Snowflake supports the following actions:

  • Securely access data files located in cloud storage.

  • Share file access URLs with collaborators and partners.

  • Load file access URLs and other file metadata into Snowflake tables.

  • Process unstructured data.

  • Load unstructured data with Document AI (Preview)

This topic introduces key concepts and provides instructions for accessing, sharing, and processing unstructured data files.

Cloud Storage service support¶

Both external (external cloud storage) and internal (i.e. Snowflake) stages support unstructured data.

External stages:

Store files in external cloud storage: Amazon S3, Google Cloud Storage, or one of the supported Microsoft Azure cloud storage services:

  • Blob storage

  • Data Lake Storage Gen2

  • General-purpose v1

  • General-purpose v2

Types of URLs available to access files¶

The following types of URLs are available to access files in cloud storage:

Scoped URL:

Encoded URL that permits temporary access to a staged file without granting privileges to the stage.

The URL expires when the persisted query result period ends (i.e. the results cache expires), which is currently 24 hours.

File URL:

URL that identifies the database, schema, stage, and file path to a set of files. A role that has sufficient privileges on the stage can access the files.

Pre-signed URL:

Simple HTTPS URL used to access a file via a web browser. A file is temporarily accessible to users via this URL using a pre-signed access token. The expiration time for the access token is configurable.

The following table describes key characteristics of these URL types:

Scoped URL

File URL

Pre-signed URL

Use cases

Recommended for file administrators to give scoped access to data files to specific roles in the same account. Provide access to the files with a view that retrieves scoped URLs. Only roles that have privileges on the view can access the files.
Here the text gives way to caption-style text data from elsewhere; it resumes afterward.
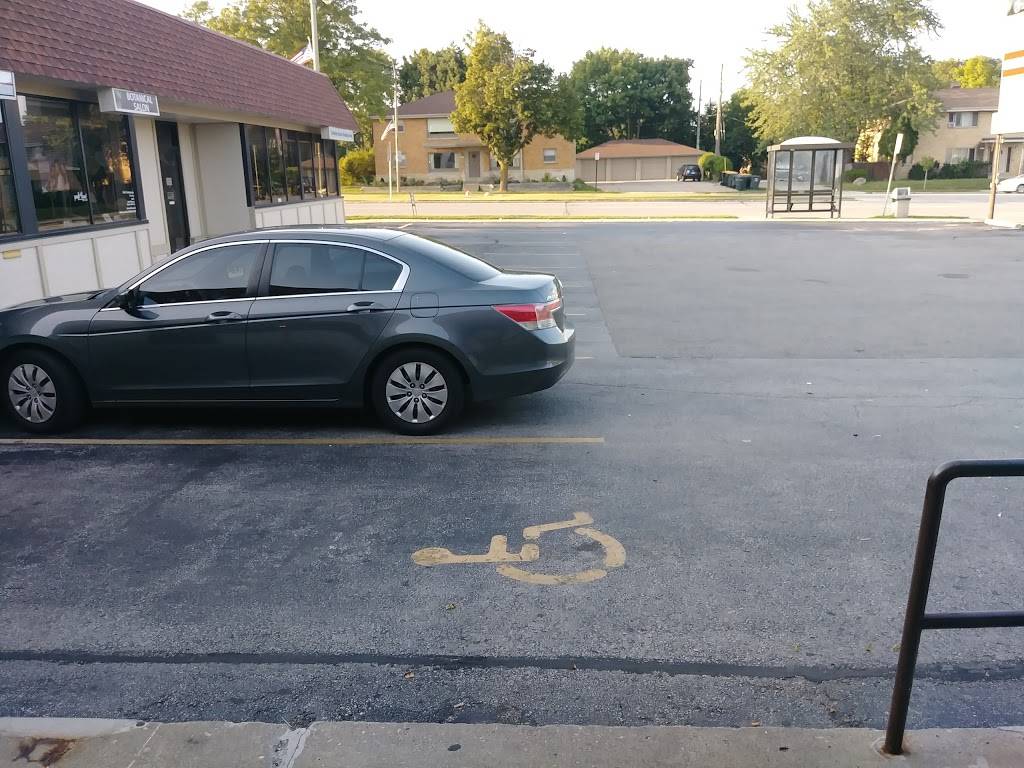 George Webb Restaurant | restaurant | 12201 W North Ave, Wauwatosa, WI 53226, USA | 4147744377 OR +1 414-774-4377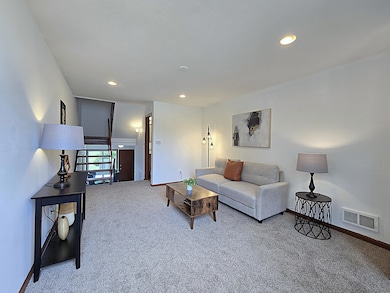 1522 Big Bend Rd unit G, Waukesha, WI 53189 - photo 7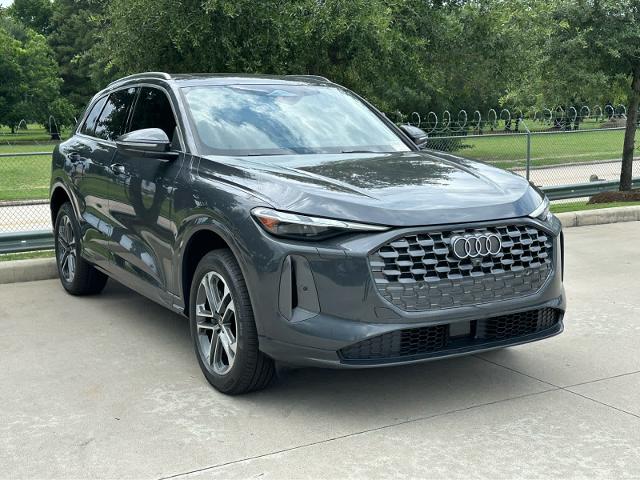 2025 Audi Q5 Vehicle Photo in HOUSTON, TX 77090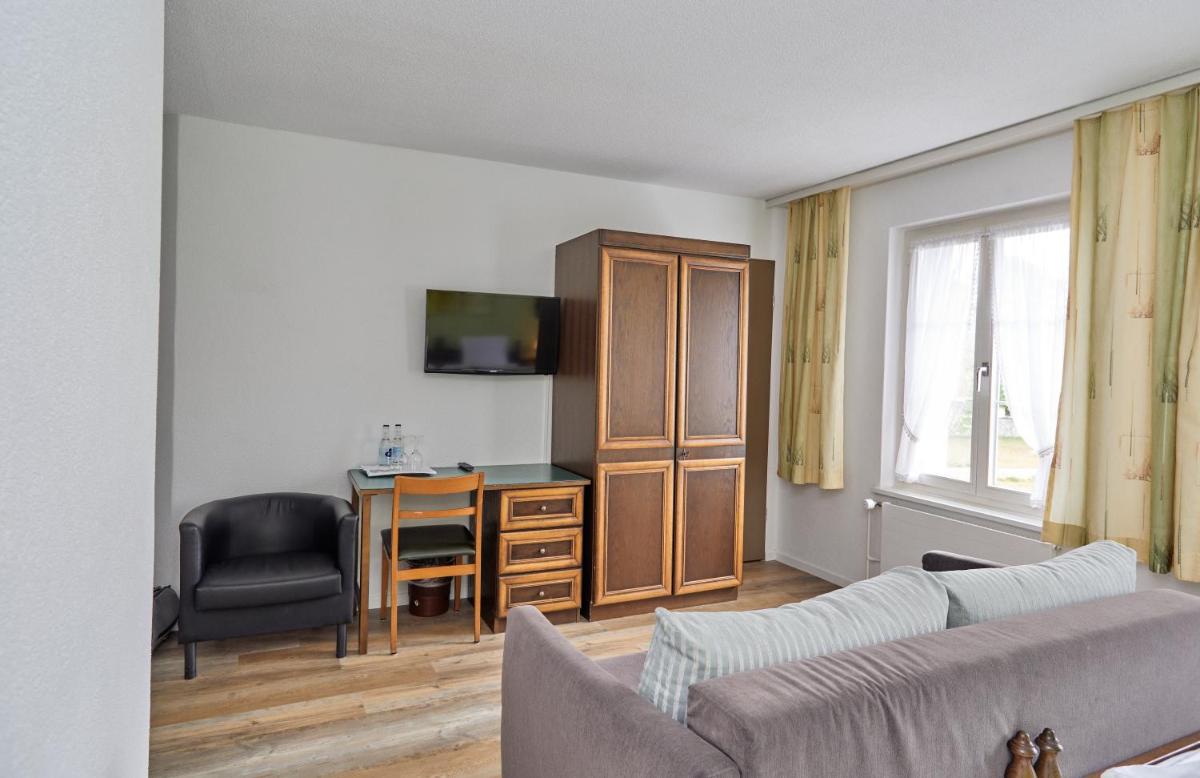 Double Room with Private Bathroom photo 3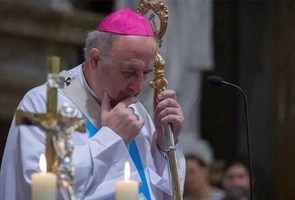Przewodniczący czeskiego episkopatu w obronie Jana Pawła II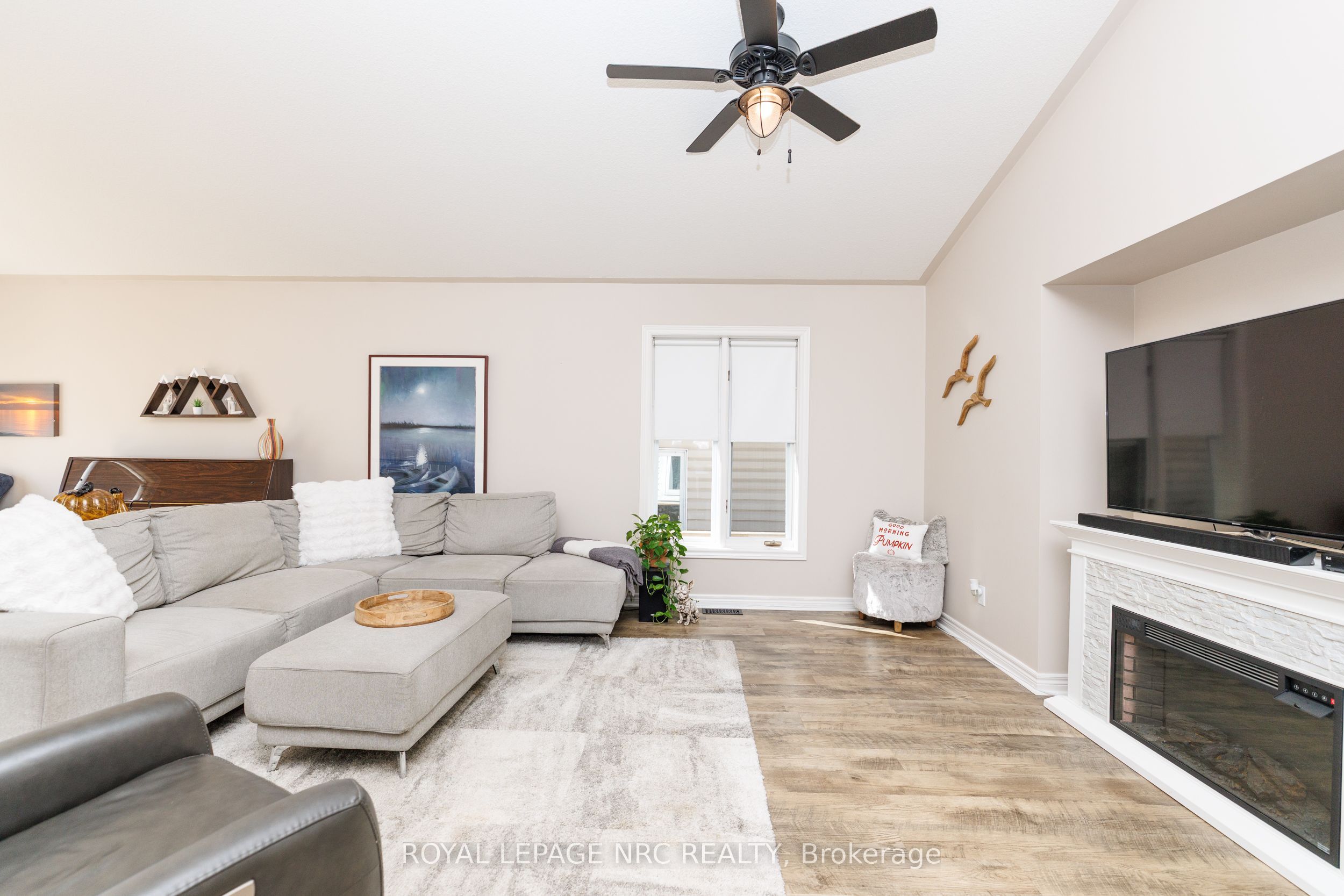 1 Bahama Bay Property Photo 10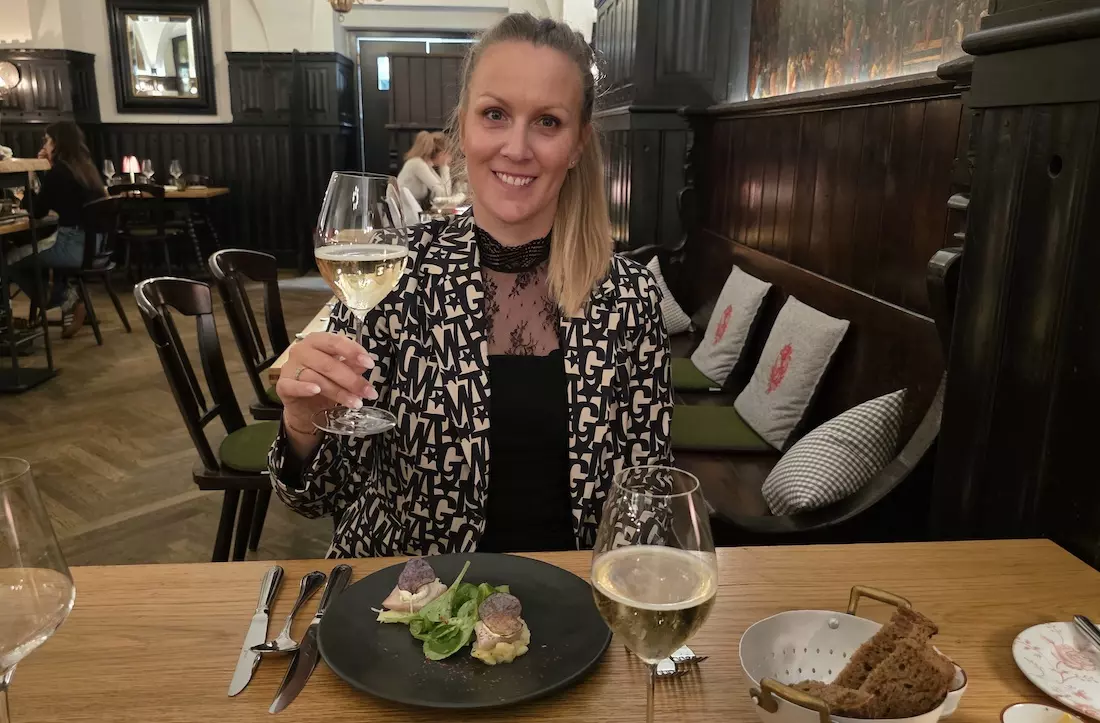 Kulinarischer Hochgenuss im Weinhaus Neuner: Ein Dezemberabend mit Mastercard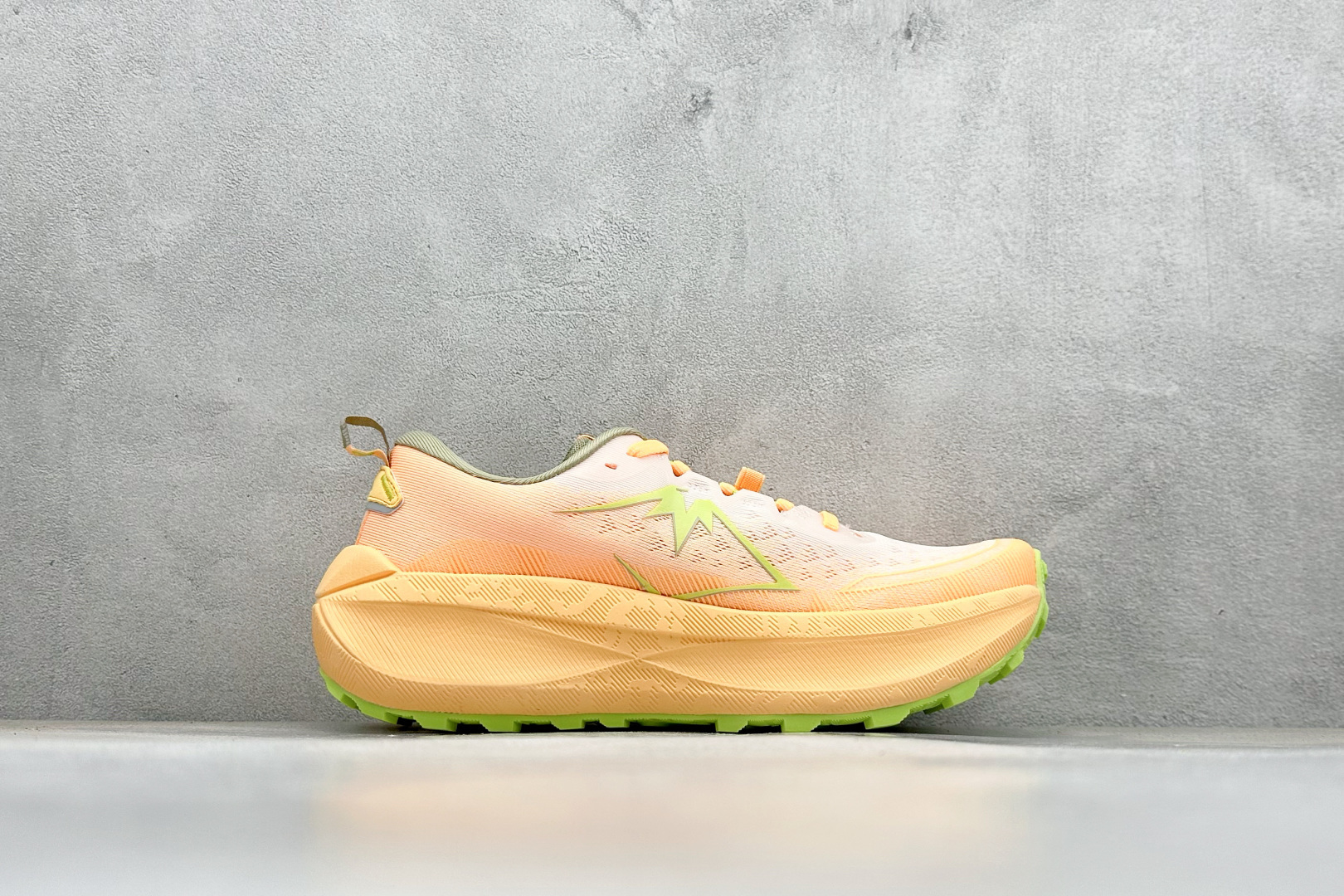 200 Asics Trabuco 4 亚瑟士运动休闲透气专业跑鞋 1011B976-101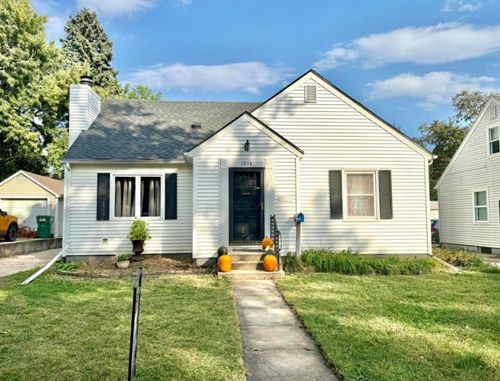 1214 Northwestern Ave, Ames, IA, 50010-5256 | Card Image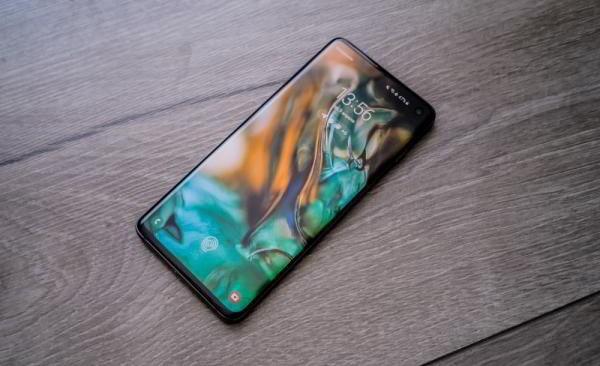 Обзор Samsung Galaxy S10 - юбилейный флагман Обзор Samsung Galaxy S10 - юбилейный флагман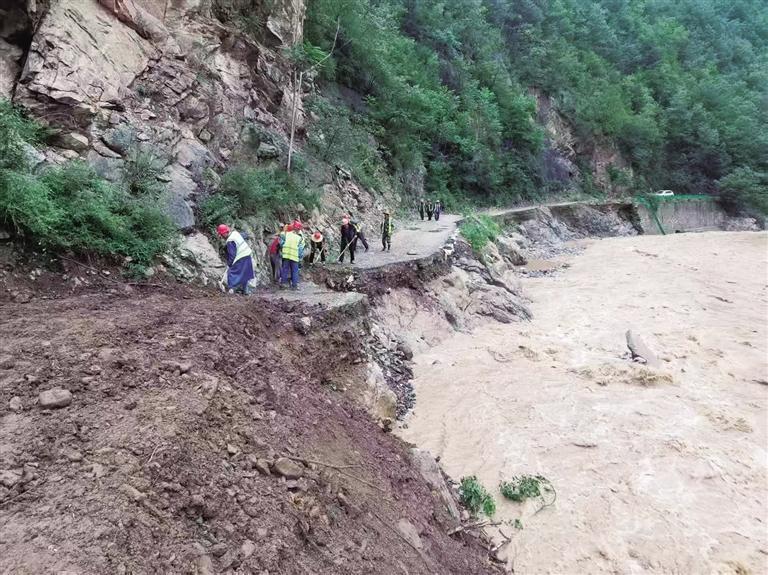 7月2日至4日，徽县遭遇持续强降雨，局地出现大到暴雨，防汛形势严峻。本轮降雨造成道路受损51条、中断3条，受损光缆26公里，受损基站17个，5条电力线路、82台公变、51台专变不同程度受损。目前，道路、通信、电力抢通工作持续推进，已抢通道路1条，全县76台班机械投入防汛抢险，全力降低灾害损失。截至目前，全县累计转移避险群众323户802人。图为道路抢修现场。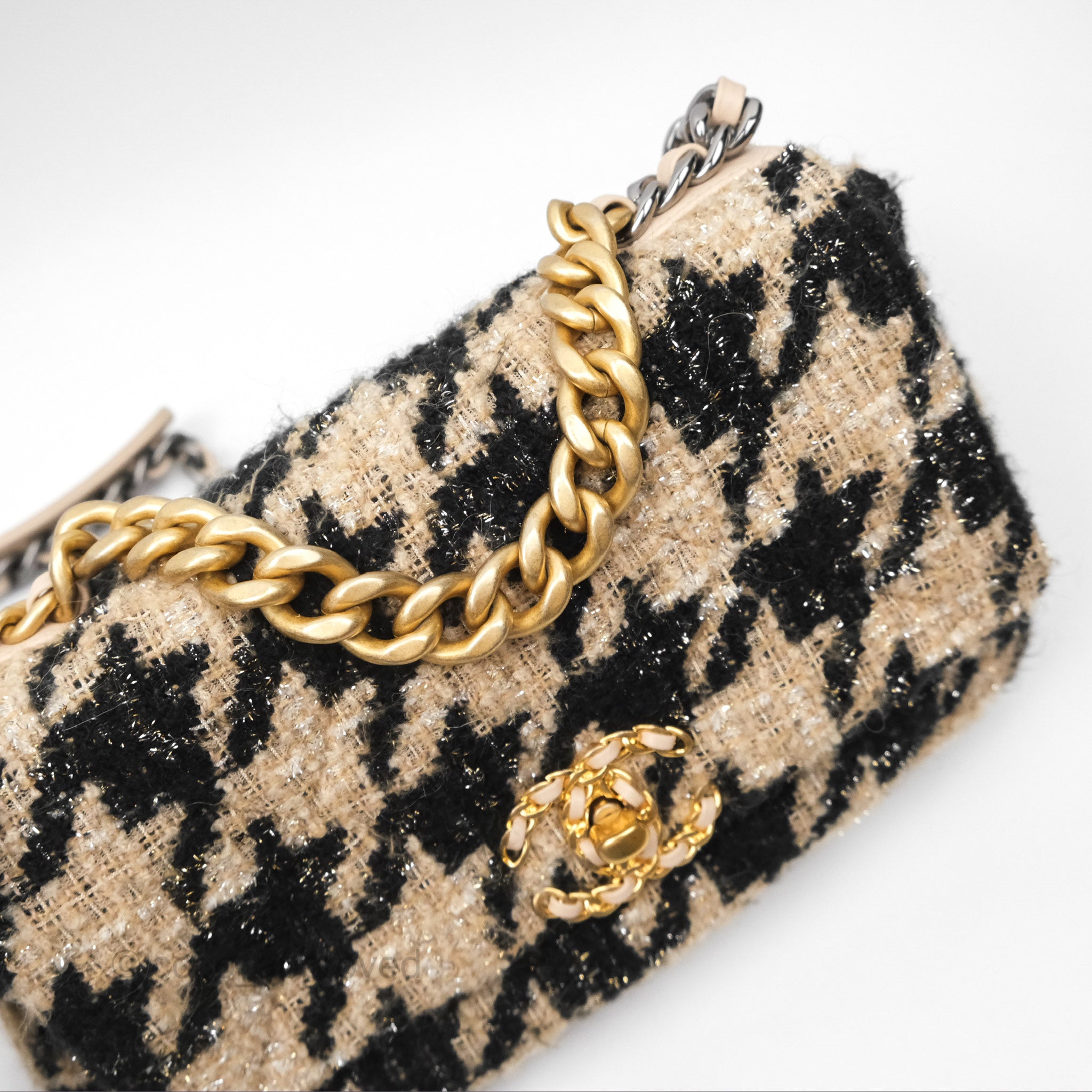 Chanel 19 Small Tweed Houndstooth Handbag - Black & Beige Mixed Hardware Crossbody Bag | Luxury Designer Purse for Women, Perfect for Work, Date Night & Special Occasions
Snowflake records information in the query history about who uses a scoped URL to access a file, and when. Ideal for use in custom applications, for providing unstructured data to other accounts through a share, or for downloading and analysis of unstructured data in Snowsight.

Permanent URL to a file on a stage. To download or access a file, users send the file URL in a GET request to the REST API endpoint along with the authorization token. Ideal for custom applications that require access to unstructured data files.

Used to download or access files without authenticating into Snowflake or passing an authorization token. Pre-signed URLs are open; any user or application can directly access or download the files. Ideal for business intelligence applications or reporting tools that need to display the unstructured file contents.

How to generate

Query the BUILD_SCOPED_FILE_URL function.

Either Query the directory table for the stage that references the staged files or call the BUILD_STAGE_FILE_URL function.

Query the GET_PRESIGNED_URL function.

Usage

The following options are available:

  • In Snowsight, click on a scoped URL in the query results table. Snowsight retrieves the file only for the user who generated the scoped URL.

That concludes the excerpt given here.